Re: Jak się "służy ludziom" na przykładzie kupowania gruntów

PostWysłany: 08 Paź 2017, 12:09
przez rather
Sprawa o której pisałem 6 lat temu ma obecnie ciąg dalszy. Działki, które miasto kupiło za żywą gotówkę niestety nie idą. Jak pisze GN - niedawno odbył się kolejny (ósmy już!) przetarg na sprzedaż działek przy ul. Przemysłowej. Jak zawsze nie było chętnych do inwestowania w naszym pięknym mieście. W związku z tym warto po raz kolejny zapytać o to od kogo w 2010 i 2011 miasto kupiło ziemię w dzielnicy przemysłowej płacąc średnio za nic nie warte grunty po 100zł za metr kwadratowy. Przy okazji znowu warto zapytać jak na sprzedaż gruntów posiadanych przez miasto wpływa działalność Andrzeja Szakuro - naczelnika wydziału gospodarowania nieruchomościami, który z jednej strony zarządza gruntami miasta, a z drugiej strony sprzedaje własną ziemię, którą w dziwny sposób pozyskał od wspólnoty Okunin. Dla przypomnienia - jeśli dobrze pamiętam grunty, które w podejrzanych okolicznościach przejął Szakuro miały wartość zaniżoną o ok. 160 tysięcy złotych.

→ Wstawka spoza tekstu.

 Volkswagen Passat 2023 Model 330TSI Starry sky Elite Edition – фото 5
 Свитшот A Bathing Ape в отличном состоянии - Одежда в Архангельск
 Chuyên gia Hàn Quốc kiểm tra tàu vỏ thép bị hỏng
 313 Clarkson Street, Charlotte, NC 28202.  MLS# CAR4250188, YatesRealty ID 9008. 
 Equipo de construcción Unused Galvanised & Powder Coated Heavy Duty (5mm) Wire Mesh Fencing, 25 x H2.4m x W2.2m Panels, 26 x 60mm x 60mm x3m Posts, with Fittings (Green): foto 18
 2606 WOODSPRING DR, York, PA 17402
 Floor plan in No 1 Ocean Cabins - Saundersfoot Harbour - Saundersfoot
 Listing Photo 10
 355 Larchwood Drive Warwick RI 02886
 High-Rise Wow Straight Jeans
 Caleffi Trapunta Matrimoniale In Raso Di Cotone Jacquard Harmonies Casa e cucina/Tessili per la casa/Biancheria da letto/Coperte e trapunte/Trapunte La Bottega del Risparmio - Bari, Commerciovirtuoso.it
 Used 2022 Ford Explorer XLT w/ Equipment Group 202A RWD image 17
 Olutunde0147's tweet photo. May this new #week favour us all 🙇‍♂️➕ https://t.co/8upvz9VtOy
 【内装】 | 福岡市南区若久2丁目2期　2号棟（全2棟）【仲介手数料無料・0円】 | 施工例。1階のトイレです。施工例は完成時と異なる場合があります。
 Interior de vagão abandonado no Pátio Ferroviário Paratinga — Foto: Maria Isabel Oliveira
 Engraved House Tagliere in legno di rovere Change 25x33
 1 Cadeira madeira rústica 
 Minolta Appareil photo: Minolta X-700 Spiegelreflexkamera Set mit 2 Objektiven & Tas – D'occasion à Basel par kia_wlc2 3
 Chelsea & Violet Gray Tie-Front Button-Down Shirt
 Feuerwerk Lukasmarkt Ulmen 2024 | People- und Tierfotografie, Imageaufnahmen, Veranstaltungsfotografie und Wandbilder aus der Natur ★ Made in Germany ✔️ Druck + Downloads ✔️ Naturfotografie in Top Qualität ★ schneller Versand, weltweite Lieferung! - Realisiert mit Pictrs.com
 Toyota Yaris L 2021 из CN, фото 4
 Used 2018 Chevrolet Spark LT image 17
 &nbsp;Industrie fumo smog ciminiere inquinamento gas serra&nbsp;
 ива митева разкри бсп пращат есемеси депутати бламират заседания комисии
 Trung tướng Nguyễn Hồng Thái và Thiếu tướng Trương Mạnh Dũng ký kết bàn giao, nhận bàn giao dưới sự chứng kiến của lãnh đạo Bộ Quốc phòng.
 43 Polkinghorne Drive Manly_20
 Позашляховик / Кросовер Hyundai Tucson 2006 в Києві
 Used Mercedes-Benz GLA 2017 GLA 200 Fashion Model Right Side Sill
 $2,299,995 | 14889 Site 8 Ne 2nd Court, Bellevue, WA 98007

Wałek odbył się zresztą przy udziale burmistrza, który w przypadku tej działki nie skorzystał z prawa pierwokupu i nie nabył gruntu dla miasta. Żaden z urzędników do dnia dzisiejszego nie wytłumaczył się ze swoich działań. Prokuratura nowodworska nie dopatrzyła się znamion przestępstwa powołując się na przepis wg. którego nie wyrządzono znacznej szkody majątkowej. Przestępstwo miałoby miejsce dopiero wtedy kiedy szkoda byłaby wyższa niż 200 tysięcy złotych. Jak widać - nawet w Nowym Dworze można się dobrze urządzić.